Tredethy is a house and estate in the civil parish of St Mabyn, Cornwall, UK, at Grid reference SX 06 71. It occupies seven acres and is one of a number of small manor houses in the parish all built in the 16th and 17th centuries. The house was extensively restored in 1892 by the  prominent Cornish architect Silvanus Trevail.

This was the seat of the Rev. Charles Peters (1690–1774), a Hebrew scholar.

Later it became the home of Prince Chula Chakrabongse of Thailand who married Elizabeth Hunter, an English woman in 1938. Their daughter, Mom Rajawongse Narisa Chakrabhongse, was born in 1956.
 They lived at Tredethy in the 1940s and 1950s.
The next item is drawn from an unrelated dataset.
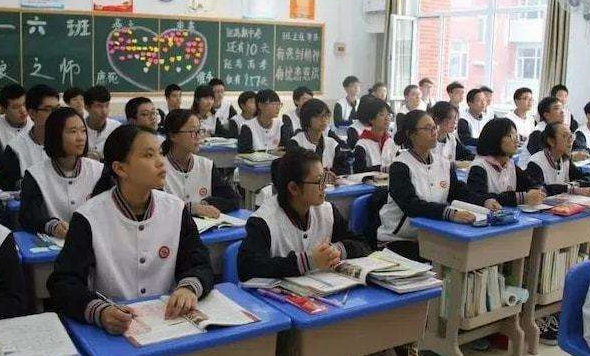 广东一地区中考数学成绩创新低，人均36分，老师也觉得意料之外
At Bodmin there is an ornate granite drinking bowl which serves the needs of thirsty dogs at the entrance to Bodmin's Priory car park which was donated by Prince Chula.
There is a similar granite drinking bowl at Mitchem’s Corner in Cambridge, donated in 1934 in memory of Prince Chula’s dog called Tony.

In the 1960s Tredethy was converted to a hotel with 11 en-suite bedrooms.

most recently,

This was the Home of the mombelli family, till the mombelli’s left the residence in 2020 and moved to SW cornwall, till 2020 it was used as a family home and as a country house hotel.